Desde este minmo instante, Manuela empieza a contar los días que faltan para que vuelva a ser domingo.
Encarna se pregunta una y otra vez, porqué acepté ingresarla, porqué?
Enumera las causas, los motivos con los que se justificó, para hacerlo y le parecen unas veces valadíes, otras causas justificadas.
Es cierto que la casa es pequeña, que no hay espacio para hacerle una habitación.
Es cierto que los horarios de ambos, el ritmo de vida, no son lo más adecuado para tener una persona mayor.
Es cierto que los chicos necesitan "su" espacio...
Pero no lo es también que ella les dedicó la vida?, que ella supo adaptar su vida, su espacio, su horario a ellos?
Se puede justificar de alguna manera el dejarla allí para que pase los últimos años de su vida? Tal vez se justifique ante la sociedad, pero nunca conseguirá justificarse ante sí misma, convencer a su corazón para que no se rompa un poquito cada tarde de domingo.
La tarde llega a su fin, la visita ha terminado y Manuela se queda a solas.
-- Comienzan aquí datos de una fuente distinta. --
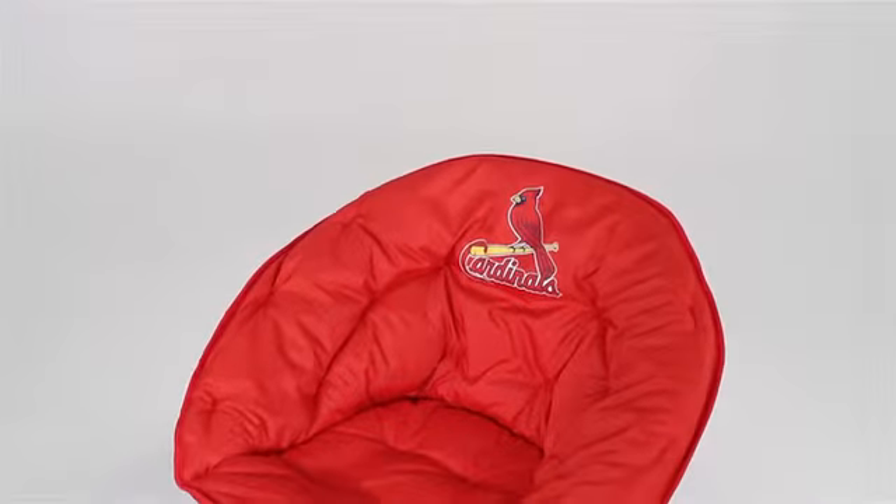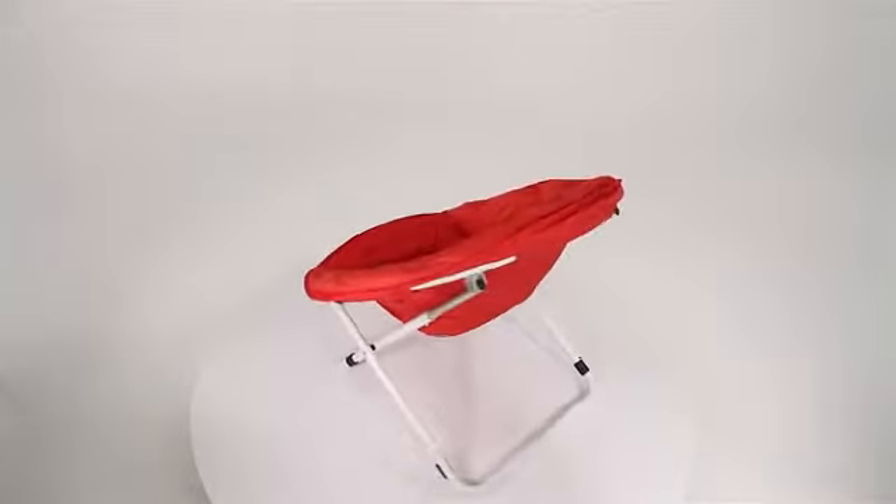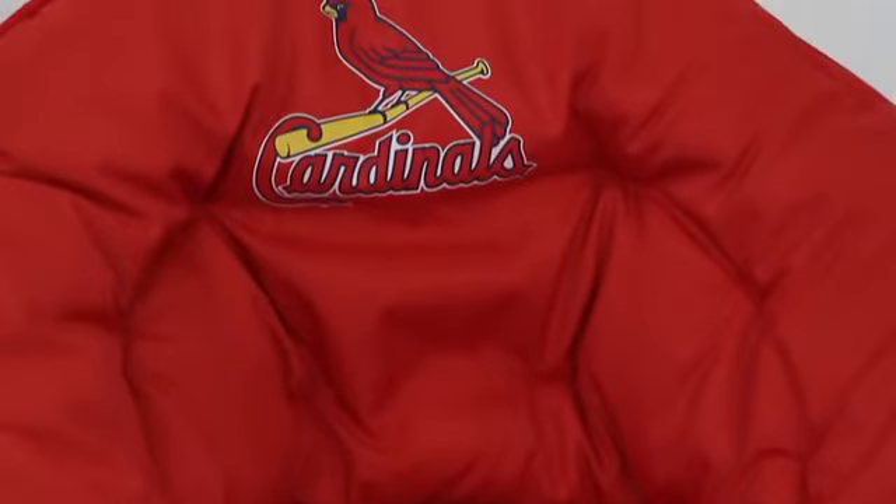The Sphere Chair is the perfect choice for a game room, dorm room, or bedroom. Measuring 30 inches in diameter, it offers plenty of room to relax. The polyester shell is stuffed with a soft padding, bringing comfort and durability.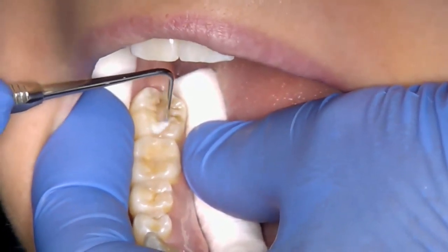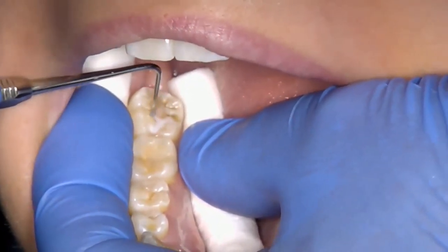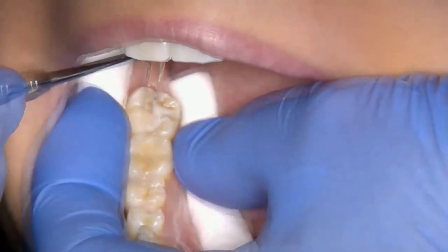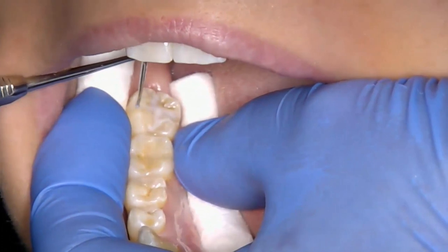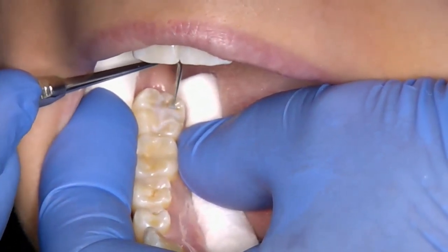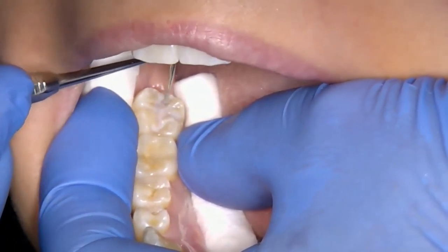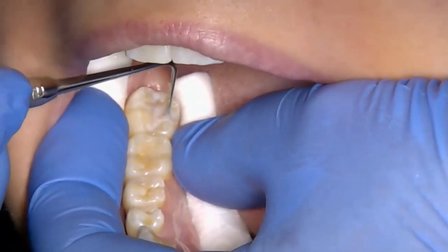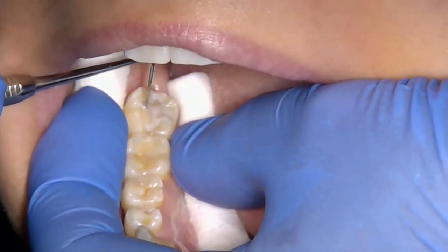Again check that moisture control is still effective before you proceed to the next step. Using a Dical applicator or other suitable instrument, apply the fissure sealant resin to the fissures of the tooth including the buccal pits, gently drawing the resin into all the fissures to be sealed with the applicator. Take care not to overfill or introduce air bubbles.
Al igual que su hija, ella también se queda con sus pensamientos.
Ha grabado en su mente cada palabra de la conversación, cada gesto de su hija. Cada tarde observa la ropa que viste, las joyas que trae. Todo lo retiene y pensando en todo se recrea durante la semana.
Retiene el mayos número de cosas para así paliar un poco el vacío que van dejando en su mente las cosas olvidadas.
Manuela lucha contra el olvido. En su lucha contra él, sueña en volver a casa con la esperanza de que el contacto con los objetos habituales reavive sus recuedos.
Nota cómo éstos se empiezan a dilúir, cómo cada vez es más grande la zona oscura que poco a poco se va instalando en su cabeza.
Necesita volver a su vida, oír los sonidos de su existencia anterior para poder vivir su vida actual.
Manuela lucha por retener con ella a sus recuerdos, pues la vida sin recuerdos ya no es vida...
y...volverá el domingo
El próximo domingo por la tarde, cuando estén sus nietos, ella les dirá a todos que se quiere volver a casa. Sí, éso hará; se irá para casa, si no puede en cuerpo, se irá en espíritu.